Europäisches Kulturerbe, im Lateinunterricht hautnah präsentiert!

„Vere hicce codex millenarius est! – Das hier ist wahrlich ein tausendjähriges Buch!“ Mit diesen Worten zeigte der Historiker und päpstliche Nuntius in Wien, Giuseppe Garampi, der bei der Millenniumsfeier Kremsmünsters im Jahr 1777 das Evangeliar besichtigte, das im Stift Kremsmünster seit etwa 800 n. Chr. aufbewahrt wird, seine Begeisterung über das alte Buch. Nun sind seit damals nochmals fast 250 Jahre vergangen. Unser „Codex Millenarius“ ist eines der kostbarsten Bücher, die weltweit existieren – Grund genug, sich mit diesem europäischen Kulturschatz ersten Ranges zu beschäftigen, wenn man ihn direkt vor Ort hat.

Im Lateinunterricht der 5. Klassen thematisieren wir im ersten Unterrichtsmodul „Gestalten aus der Mythologie und der Geschichte“, wozu natürlich auch die Lektüre von besonders bedeutenden Abschnitten aus dem Alten und Neuen Testament gehört. Wir haben mit der 5A und der 5B in der Vulgata, der lateinischen Bibelübersetzung des Hl. Hieronymus, u. a. eine Reihe von Gleichnissen gelesen, die die wesentlichen Hinweise des Christentums für ein gelingendes Leben beinhalten: Gottesliebe, Nächstenliebe und Barmherzigkeit. Sei es das Gleichnis vom verlorenen Sohn, vom barmherzigen Samariter oder von den Arbeitern im Weinberg – all diese Texte enthalten Anregungen, wie wir unser Leben in Bezug auf unsere Nächsten gestalten sollten, und haben bildende Künstler und Literaten immer wieder zu Texten und Darstellungen angeregt.

P. Altman, der Kustos der Kunstsammlungen des Stiftes, hat uns das Original des Codex Millenarius zugänglich gemacht und in seiner historischen und künstlerischen Bedeutung erläutert.
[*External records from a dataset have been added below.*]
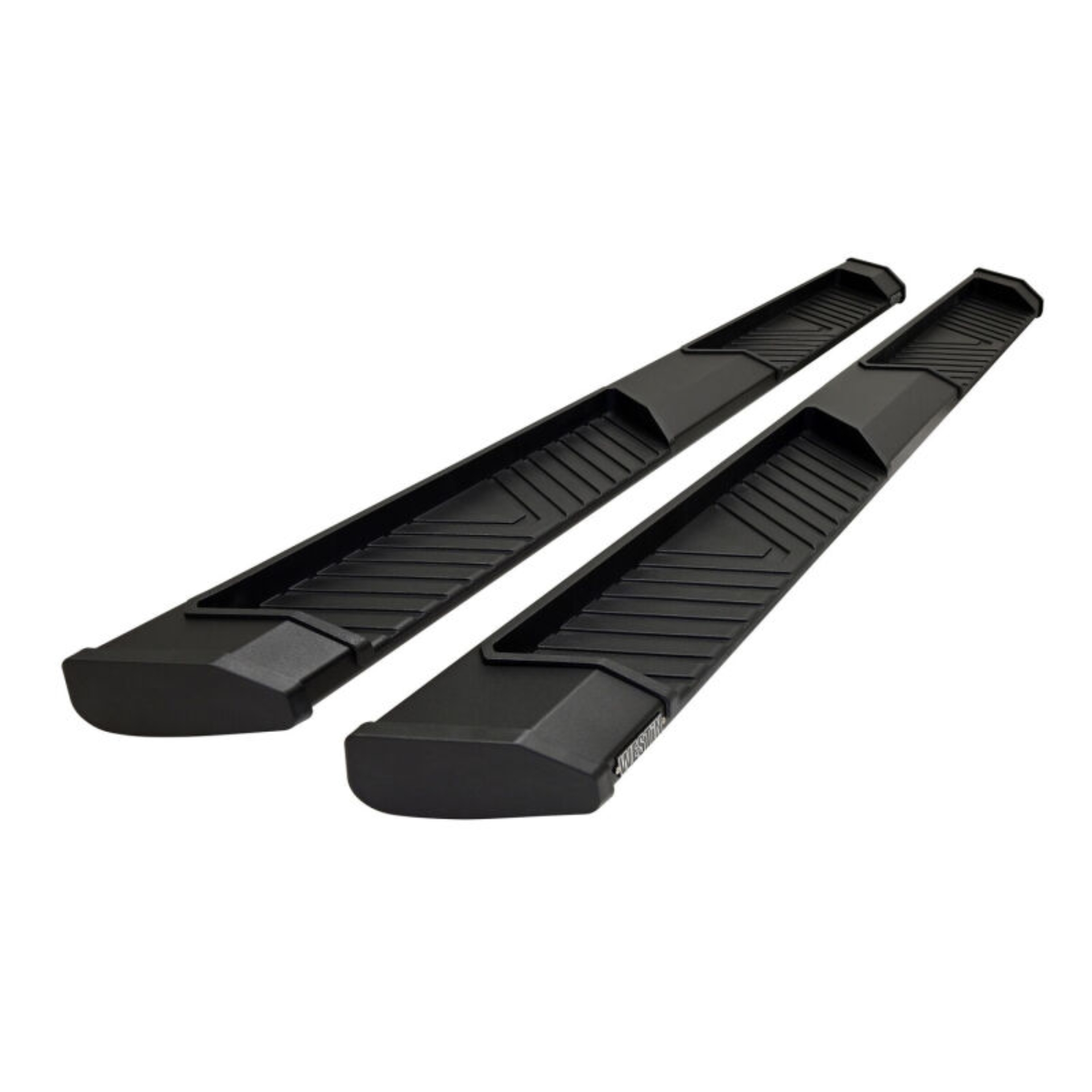 Picture of Westin WES Running Boards-AT6 - 24-63935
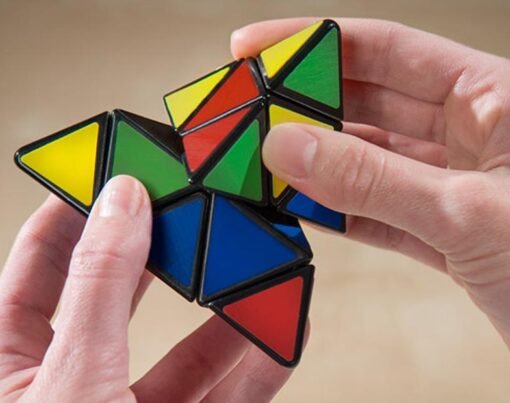 Pyraminx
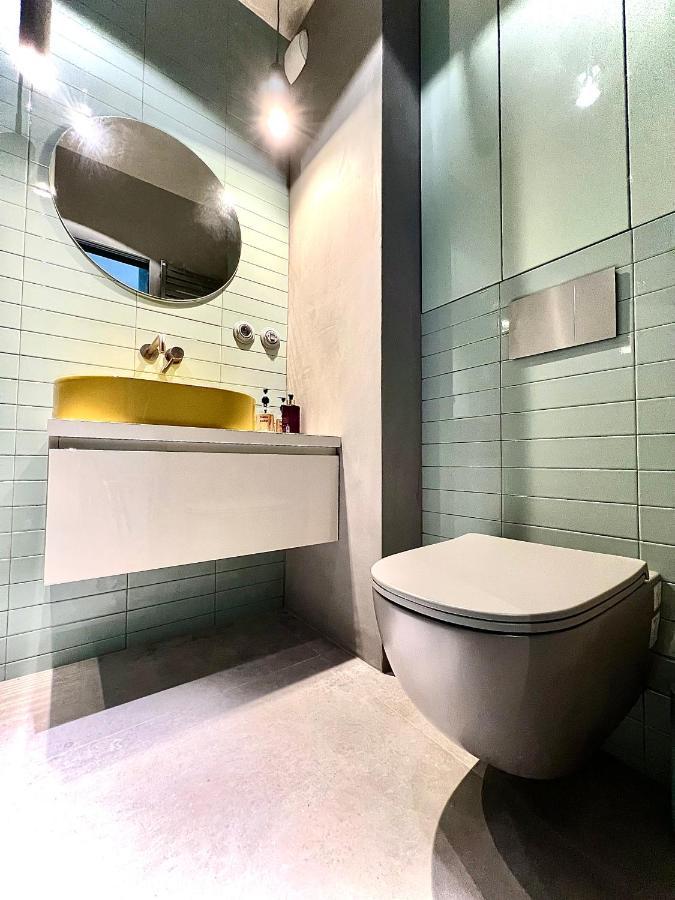 Tuz Przy Plazy - Nowoczesny Apartament Z Tarasem I Pieknym Widokiem Na Baltyk 미엘노 외부 사진
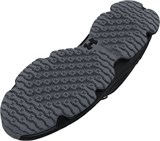 Under Armour Кроссовки UA MG Strikefast 3024953-001-lst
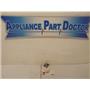 Dacor Oven 92321 Hi Limit Switch Used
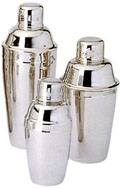 Барные аксессуары METAL KRAFT BS - I - I шейкер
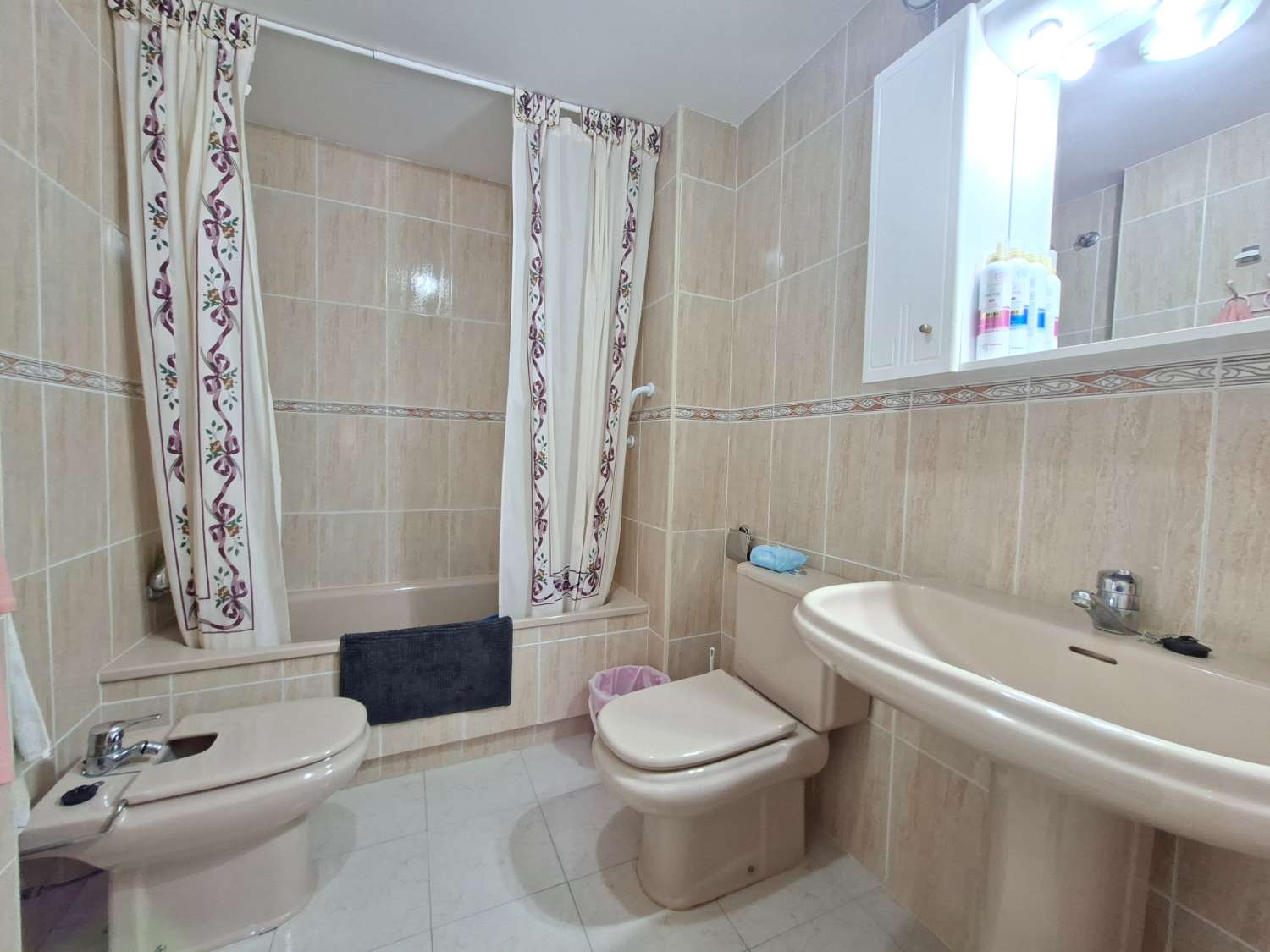 Piso 3 dormitorios Torre del Mar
Die Schülerinnen und Schüler haben das Buch aus nächster Nähe betrachtet und anhand einer Kopie des Weihnachtsevangeliums aus der Faksimile-Ausgabe festgestellt, dass die Unziale, die mehr als 1200 Jahre alte Großbuchstabenschrift des Codex, ausgezeichnet zu lesen ist.

Eines der vorrangigen Ziele des Stiftsgymnasiums ist es, unsere Schülerinnen und Schüler auf dem Weg zu kulturell gebildeten Europäerinnen und Europäern zu begleiten. Es freut uns, dass wir in unmittelbarer Nähe viele Möglichkeiten dazu haben.